Krste Šižgorić

Posted on May 11, 2024 • Originally published at krste-sizgoric.Medium on May 11, 2024

Assumptions in Software Development (with EF Core as example)

#softwareengineering #csharp #efcore #softwaredevelopment

Assumptions are the mother of all f**k ups. This is a beautiful and unbelievably true statement.

Photo by Bao Menglong on Unsplash

We as software developers are creating, or if you prefer developing, software. And that software is just a set of instructions that execute specific task. Of course, it is a little bit more complex than that, but if we take a look at the pure core of what we are doing, that is basically it.

We write one instruction followed by other instruction, followed by yet another instruction, that eventually leads us to the desired result. With the complexity of our software, the number of instructions will grow. To reduce that number and prevent the need to reinvent the wheel every time we need some functionality, we are delegating some of those instructions to framework, tools, or at least language features.

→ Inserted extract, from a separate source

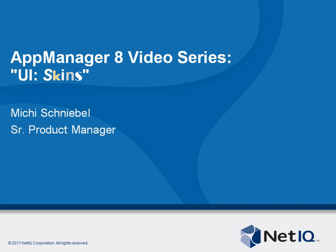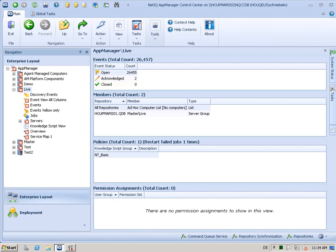Welcome to another AppManager 8 video. My name is Michi Schniebel, I'm Product Manager for AppManager. This video is about the Control Center UI, specifically about skins in Control Center.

This is where problems could arise. Our software is relying on us to know what that delegated set of instructions is doing. We could argue that the API we are using should be intuitive enough for us to understand what will happen, and that is true. A lot of learning materials are focused on this topic. Whole principle of “method should not have side-effects” is built upon it.

When we buy a car, we do not read instructions on how to drive it. We sit behind the wheel, turn the car on, and drive it. We might spend some time checking where the reverse is in that specific model, but basically, every car is intuitive enough for us to be able to use it straight away.

But sometimes behavior that is hidden behind a method simply cannot be expressed with a method name. Some tools required us to know what we are doing to be able to operate it correctly. Airplane is more complex than the car because it has more features, and needs to handle more complex scenarios. In software development we often assume that we know how to fly the plane because we know how to drive a car. And then we get angry because we crashed that plane.

EF Core — misunderstood and misused tool

One of those tools that are often used, but rarely truly understood, is Entity Framework Core (EF Core). And with good reason. EF Core is huge, and has a lot of conventions and specific functionalities. Knowing all of them is often not needed because most of default behaviors are the best choice in the majority of cases. So developers do not feel the need to know what is going on under the hood.

Many developers assume how it works based on the API that is exposed. Or based on the produced effect of action that they tested or used before. With those conclusions as base, whole software systems are built. Often that is good enough.

But EF Core is much more than some popular ORM. It has many good features that could improve our code. It could reduce so much manual work or make our software more maintainable and decoupled. It is based on the Unit of work pattern and has a change tracker, which is a great foundation for DDD.

Based on which way we choose to go, it can scaffold entities from database tables (database first), or the other way around, create migrations based on changes in our entities (code first). And all of this without (or with minimal) configuration.

And one of most important features, without which use of EF Core does not make sense, is ability to translate Linq to SQL. If we want, we can write type safe querying that can look almost like SQL.

But all of those could be concluded from the use of EF Core. And that is not the purpose of this article. I would like to cover some small things that are often overlooked but could make a difference.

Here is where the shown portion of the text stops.